Returns an empty result object on success.

### `bus:forward`

Issues a command to a command queue ID.
The command will then reply to a command that is pending.
This basically implements a "tail call", and leaves the responsibility for replying to the dequeued command to the queue ID.
This should generally be preferred over `bus:command`, unless you are using the Proxy pattern and need to augment the result of an existing command with additional or changed information.

If you find yourself using `bus:command` and then immediately issuing a `bus:reply` without augmenting the result of the `bus:command`, use `bus:forward` instead.


* `qid` - the command queue ID to forward the command to.
* `params` - the parameters to pass to the command.
* `cid` - the dequeued command ID that will be responded to by the command queue ID that is forwarded to.

Returns an empty result object on success.


A command represents a linked list of command queues.

                 +---------------+       +---------------+
    command ---> |-Q-+       +-> | --->  |-Q-+       +-> | --> "unrecognized command" error
                 |   |       |   |       |   |       |   |
                 |   v       |   |       |   v       |   |
                 +---------------+       +---------------+
                     |       ^               |       ^
                     |       |               |       |
                    qid   nextqid           qid   nextqid
                     |       |               |       |
                     v       |               v       |
                 +---------------+       +---------------+
                 |     plugin    |       |     plugin    |
                 +---------------+       +---------------+

In actuality, a command is enqueued in a linked list node above.
Each linked list node has a "Q", which is the actual FIFO structure that holds commands for processing.
It is not actually possible to issue commands to a plugin-created `qid` directly.
Instead, the `bus:command` only accepts a `nextqid`, which represents "whatever node is the next node of a particular linked list node".
Such `nextqid`s are created by the `bus:bind` command, which binds a plugin `qid` to the front of the linked list.

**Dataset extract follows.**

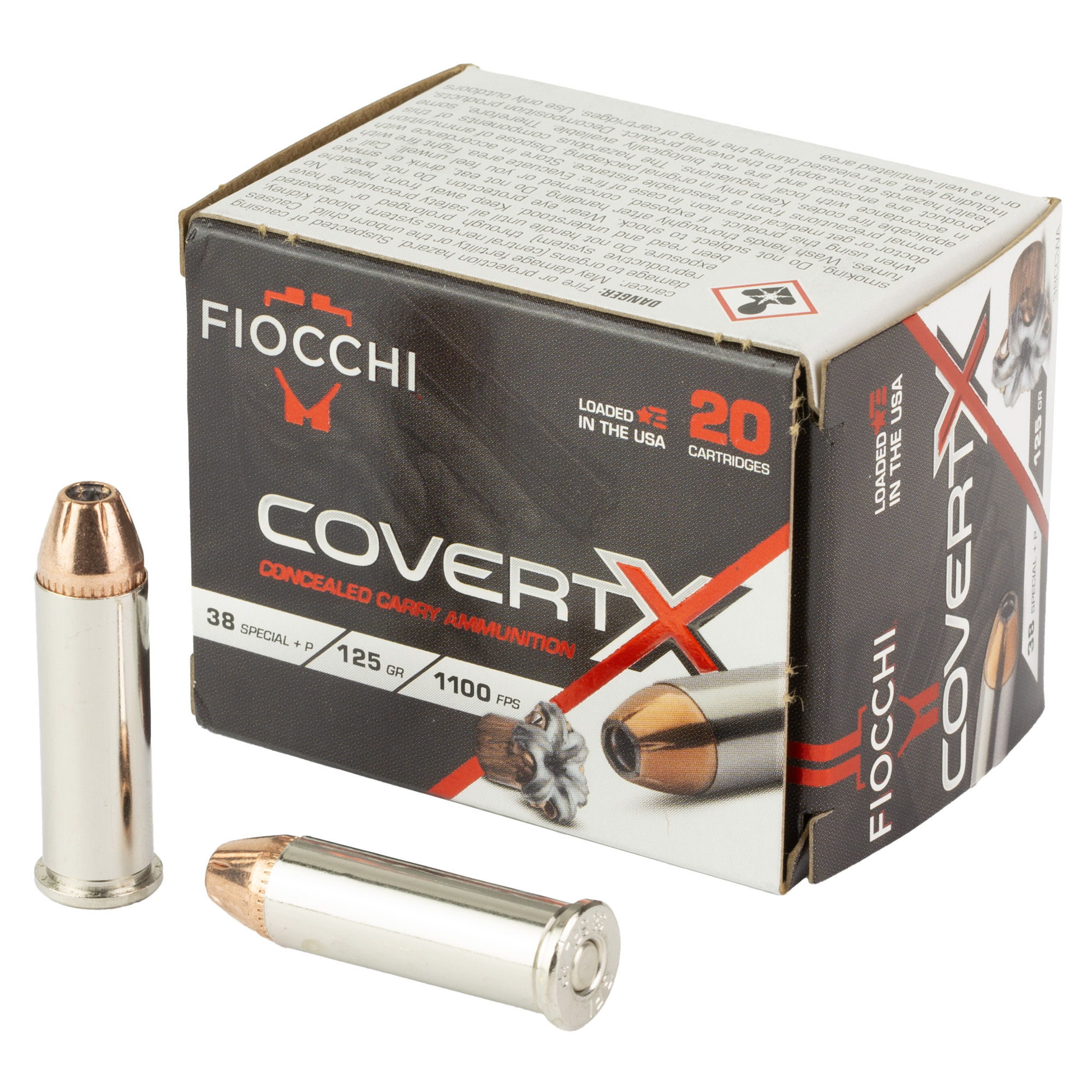 Fiocchi Covertx 38spl+p 125 Grain 20/200 bulk ammo product image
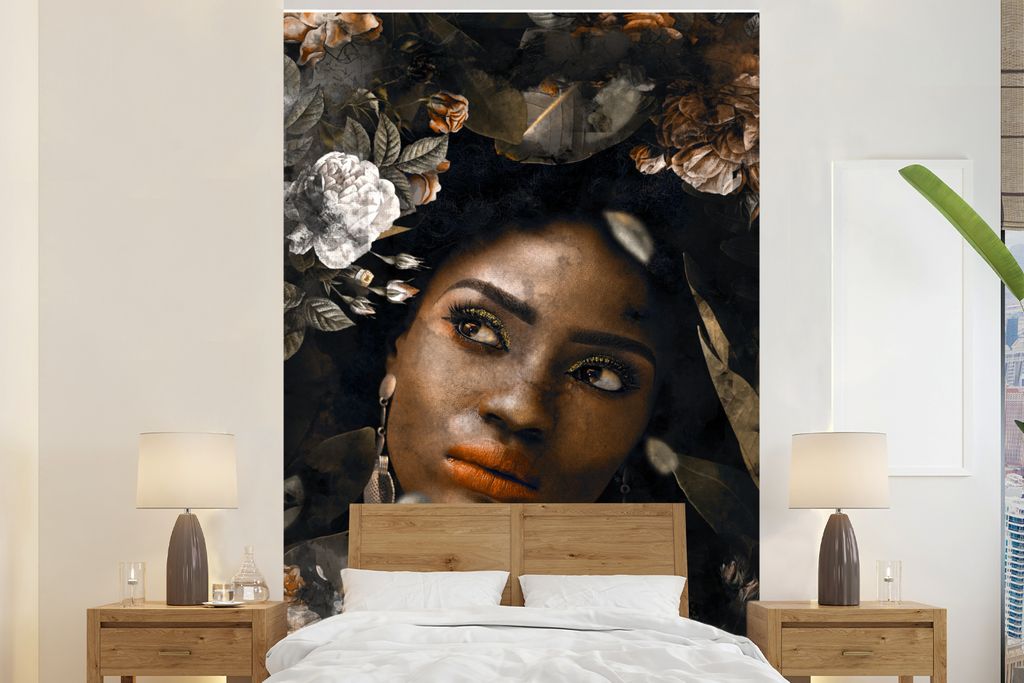 MuchoWow Fototapete für Wohnzimmer oder Schlafzimmer Wandtapete Vinyl Motivtapete Frau - Blumen - Farben - 195x300 cm - Das Hintergrundbild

The linked list structure above allows easy implementation of Decorator, Chain of Responsibility, and Proxy patterns.

When a plugin dies and destroys all queues it has created, any linked list nodes that have been bound to those queues will be removed.

When a linked list node is destroyed:

* Any commands in its queue that have not been dequeued yet will be forwarded to the next node.
* Any commands in its queue that have been dequeued but not replied by the plugin will be failed and the corresponding `cid` destroyed.

### `bus:bind`

Binds a queue ID to a command.
The queue ID must have been created via `bus:makequeue`, and must not have already been bound to a command by a previous `bus:bind`.
The queue ID is put to the front of the list (unless `fallback` is `true`).


* `method` - the name of the command to bind.
             Methods starting with `bus:` prefix are privileged and cannot be overridden or bound.
* `helpdesc` - the help string to provide for this command.
               The help string used is always the help string for the first node.
* `new` - fail if `true` and the command already has at least one binding.
          Explicitly set this to false if you are expecting that your plugin is the only one that is implementing this command.
          Optional, defaults `true`.
* `fallback` - if `true`, the binding should be added to the end of the linked list.
               Optional, defaults `false`.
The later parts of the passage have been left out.